In France, only 60 percent of care home workers, and 80 percent of private medics have received their first dose, according to the national health body.

Meanwhile Greek Prime Minister Kyriakos Mitsotakis said on Monday vaccines would be mandatory for nursing home staff, with those who refuse being suspended from work starting August 16. By September the mandate would be extended to all healthcare workers.

With effect from Friday, proof of vaccination will be required to visit indoor commercial areas in Greece, including entertainment centers, bars, theaters and cinemas.

“The country will not shut down again because of the attitude of some,” Kyriakos said.

Around 4,000 people gathered in Athens on Wednesday to protest the measure, as well as plans to open vaccines available to children 15 and older. On the same day, police in Paris clashed with hundreds of protesters rallying against the French measures.

‘Strong encroachment on fundamental rights’

Although the issue of mandatory vaccinations is a controversial one, Wolfram Henn of the German Ethics Council supported the idea, and called for teachers in Germany to be immunized too.

“Anyone who chooses of their own free will to work with vulnerable people takes on a special professional responsibility,” he told reporters. “We need mandatory vaccination for personnel in schools and nurseries.”

World Medical Association president Frank Ulrich Montgomery voiced support for mandatory vaccinations for health care workers, recalling the eradication of smallpox through mandatory vaccination.
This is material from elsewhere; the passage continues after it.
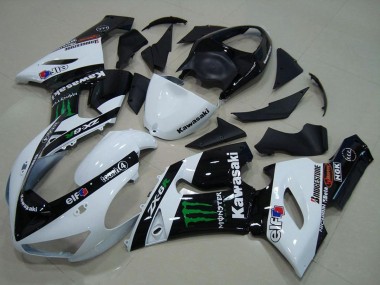 2005-2006 Kawasaki ZX6R Motorcycle Fairings - White Glossy Black Green Monster UK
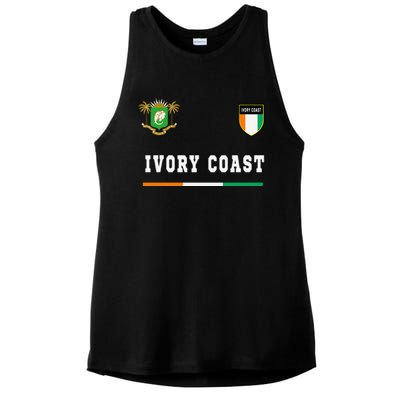 Ivory Coast Sportsoccer Jersey Flag Football Ladies PosiCharge Tri-Blend Wicking Tank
“Ethics do not depend on vaccination rates that we already have, but on the fundamental ethical obligation arising from a social obligation to protect patients by having oneself vaccinated,” he told Deutschlandfunk radio.

In a statement Tuesday, seven health organizations, including the Society for Healthcare Epidemiology of America and the Association for Professionals in Epidemiology and Infection, expressed support for mandatory vaccination for healthcare workers.

“A sufficient vaccination rate is unlikely to be achieved without making COVID-19 vaccination a condition of employment,” they said.

Not all shared that view, however.

Markus Söder, chairman of Germany’s Christian Social Union (the Bavarian sister party to Merkel’s ruling Christian Democrats) said compulsory vaccination would be a “strong encroachment on fundamental rights.”

“Nothing but vaccination helps,” he told German radio.

Social Democrat politician Karl Lauterbach, a professor of epidemiology, said most doctors and nurses had already been vacciniated, and warned against coercive measures in general.

“If we do that now, we would give a very clear signal that we could also make vaccination compulsory in other areas,” he said.

The European Centre for Disease Control estimates that, by the end of August, the delta variant will account for 90 percent of all COVID-19 infections in the E.U.

“This makes it essential for countries to speed up vaccination programs, including delivery of second doses where recommended, and to close the immunity gaps and opportunities for further emergence of variants, as soon as possible,” it said in a statement.